Greidanus Profile

Student studying at Library

Dr. Ida Greidanus:
From Farm Life to
Urban Classroom


(left) Dr. Ida Greidanus with PCCC President Steven Rose at her
retirement reception May 7, 2014.

When Dr. Ida Greidanus was asked to join the faculty of PCCC in 1972, it was more of a plea than a job offer. “They told me they had an anatomy class starting in a few days and nobody to teach it,” she recalls. 

There also wasn’t much in the way of resources, unlike the state-of-the art facilities of today’s PCCC.  But they needed an instructor.  Dr. Greidanus said yes.  And so began the illustrious
four-decade career of a much respected and beloved biology professor.

“PCCC is a wonderful school,” said Dr. Greidanus who will retire at the end of this semester. “I could never imagine teaching anywhere else.”

Her willingness to accept the job at PCCC encapsulates the professor’s formula for success, one that she plans to share with the Class of 2014 as the keynote speaker at the May 22 commencement ceremonies:

Accept the opportunities that come your way, even if they’re not what you expected. Be willing to work hard. Say yes to the jobs nobody else wants, because those are the ones that lead to success by building your confidence and winning respect from others. Most of all, remain curious and learn from everything around you.

An Immigrant Who Grew Up on a Farm
That formula has served the educator well throughout her life. Growing up on a farm in Wisconsin instilled in her a strong work ethic. “You develop many skills at a very young age on
a farm,” said Dr. Greidanus.

That life also stimulated the natural curiosity that evolved into her passion for biology. 
“I observed nature and the animals and was curious about how things worked and how they were connected,” she explained.  

The Greidanus family immigrated to the United States when young Ida was only three, fleeing the devastation in The Netherlands after World War II.  Like many other immigrants, they arrived with only the clothes they were wearing and spoke no English.

“I can really relate to so many PCCC students who are immigrants and have little means, but are willing to work hard and get an education” said Dr. Greidanus.
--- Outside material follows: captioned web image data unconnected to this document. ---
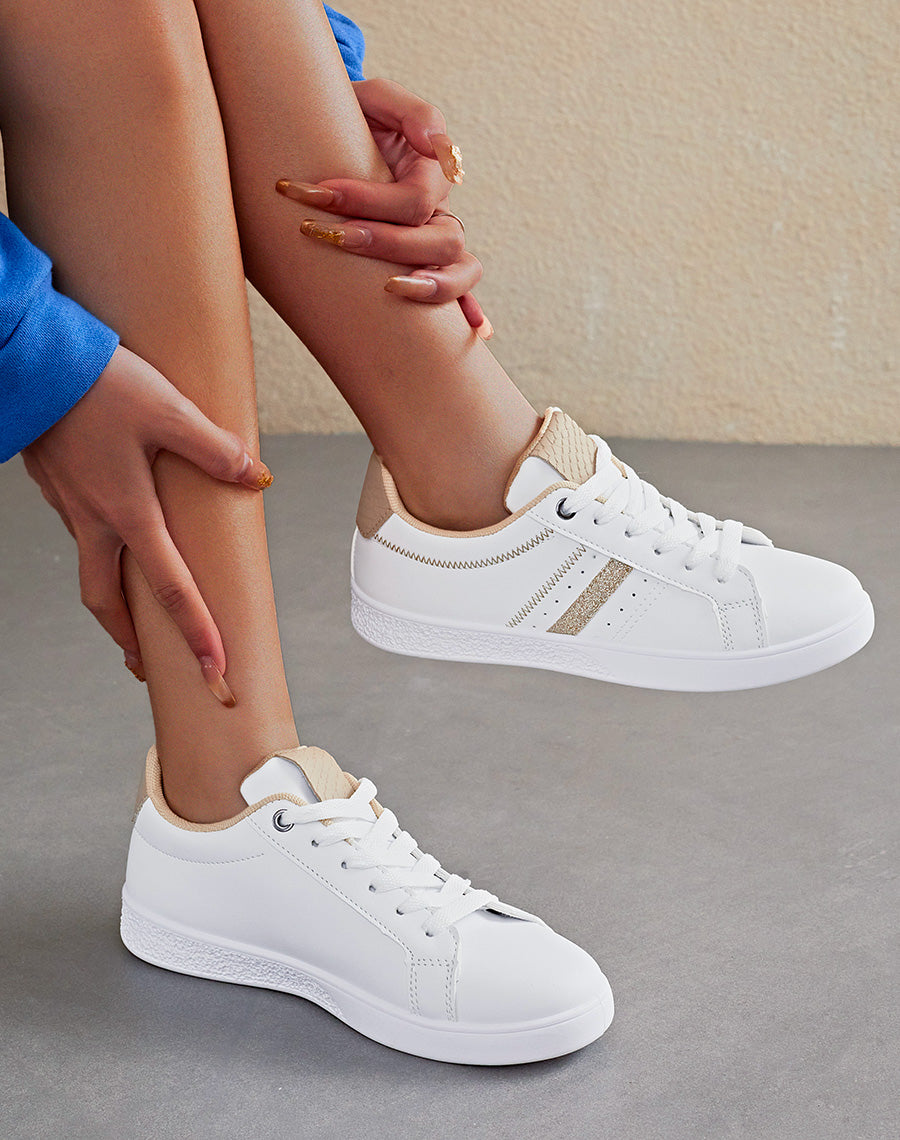 Baskets blanches basses à détails dorés avec empiècement arrière beige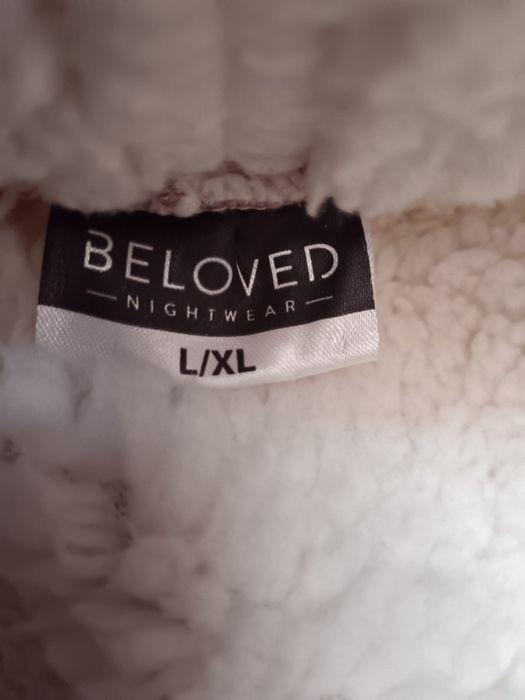 Vând Cardigan  Lung cu Blană Nou Mărimea L-XXL Italia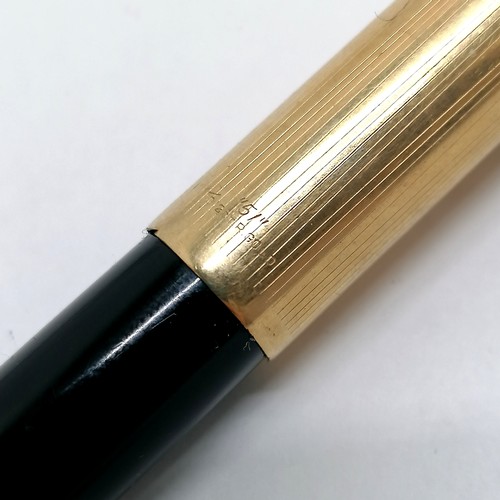 411 - Parker 51 black fountain pen with rolled gold cap 14cm long - in good used condition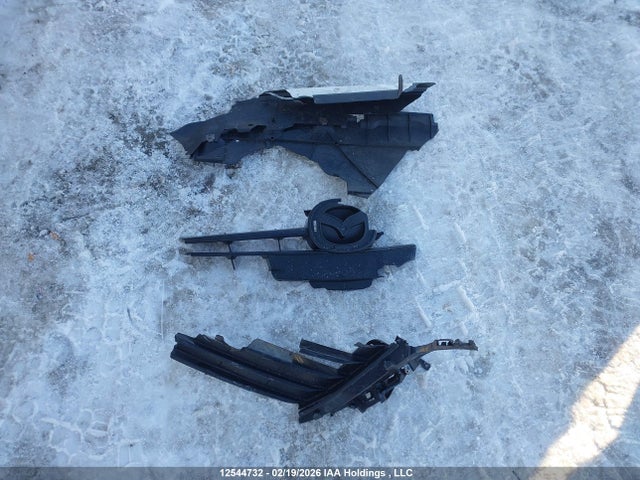 JM1BM1M37G1352780 Mazda 3 TOURING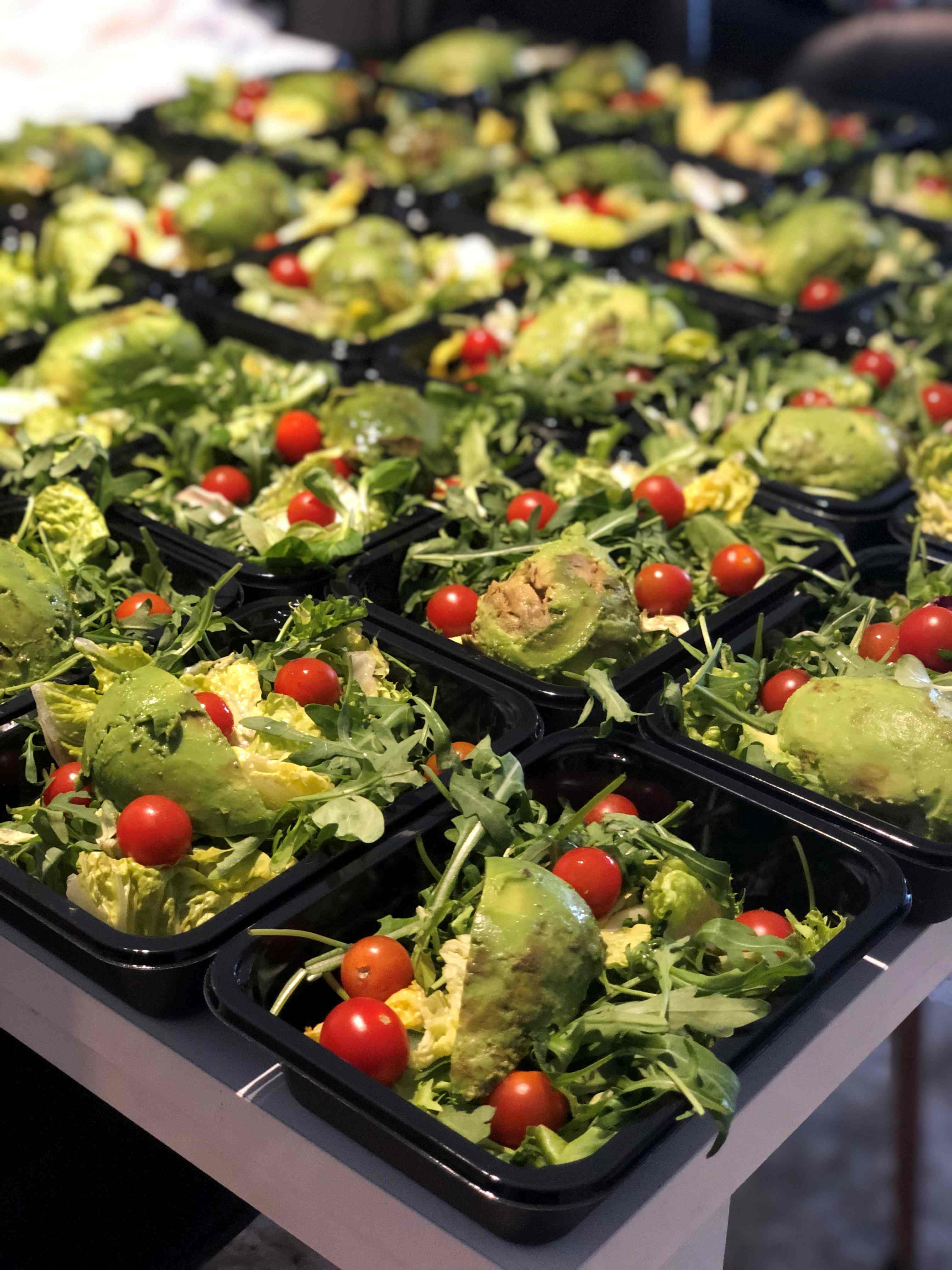 Ensalada fresca con huevo cocido, aguacate, tomate y olivas - plato principal nutritivo preparado por voluntarios de No Más Invisibles para personas sin hogar en Barcelona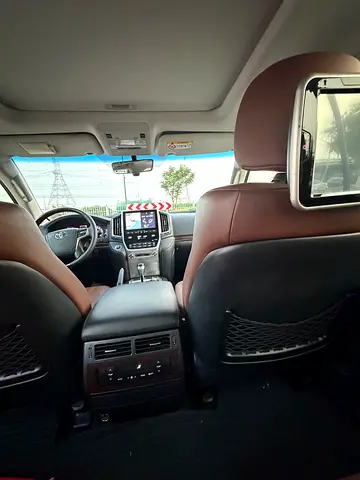 2016 Toyota LAND CRUISER — миниатюра 19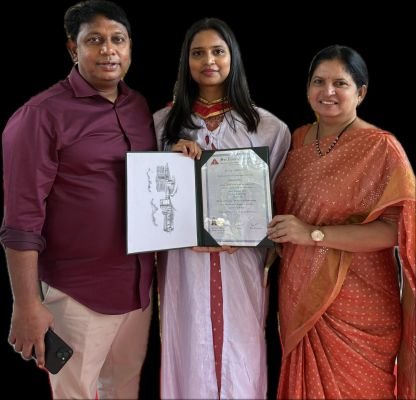 -వైద్య రంగంలో మరో మైలురాయి.. డాక్టర్ కాపా లోహితకు ఎం.ఎస్. పట్టా  --వైరా వైద్య దంపతులు డాక్టర్ మురళీకృష్ణ, డాక్టర్ చంద్రకళ కుమార్తెకు అభినందనల వెల్లువ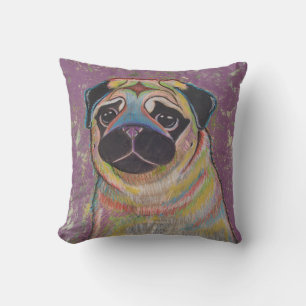 Colorida almohada Pug sobre fondo morado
Her early education in a one-room schoolhouse taught her the value of diversity and collaboration in learning. Knowing little English, young Ida “sat in the back of the room and listened, absorbing everything around me.” By third grade, she was reading at her grade level.

“One room schoolhouses were very effective,” said Dr. Greidanus, citing Abraham Lincoln
as one of their best-known success stories.  “Students of different ages and levels are all together, interacting and learning from one another.”

Her Philosophy of Education and Career Paths
She is also an advocate of a liberal arts education. That’s why I chose to pursue a BA instead of BS in biology,” she explains. “I wanted to learn everything and see how different areas of life relate to each other.”   She earned her master’s degree in biology and physiology and her doctoral degree in nutrition.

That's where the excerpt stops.